### MATERIAL FOR THIS TASK

============================================================

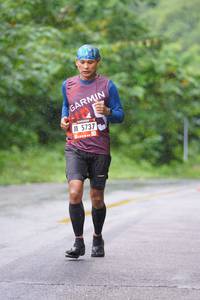 BIB: 5737
                            <button type="button" onclick="openModal(5712900)" class="btn btn-primary btn-sm float-right btn-popup" data-toggle="modal" data-target=".modal-high-quality">
                        <i class="fas fa-shopping-cart"></i> Add to Cart
                    </button>
                                            <button type="button" onclick="isThisMe(5712900, true)" class="btn btn-success btn-sm float-right btn-popup btn-isme hidden" data-toggle="tooltip" data-placement="bottom" title="นี่คือรูปของคุณใช่ไหม คลิกที่นี่เพื่อเอาเข้าอัลบั้ม">
                        <i class="fas fa-plus"></i> Add to album
                    </button>
                    <button type="button" onclick="isThisMe(5712900, false)" class="btn btn-warning btn-sm float-right btn-popup btn-isnotme hidden">
                        <i class="fas fa-ban"></i> Remove from album
                    </button>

============================================================

### DESCRIPTION OF THE TASK
Find out how many lines in the entries above hold "class", then reply with that figure and nothing else.

### OUTPUT OF THE TASK
6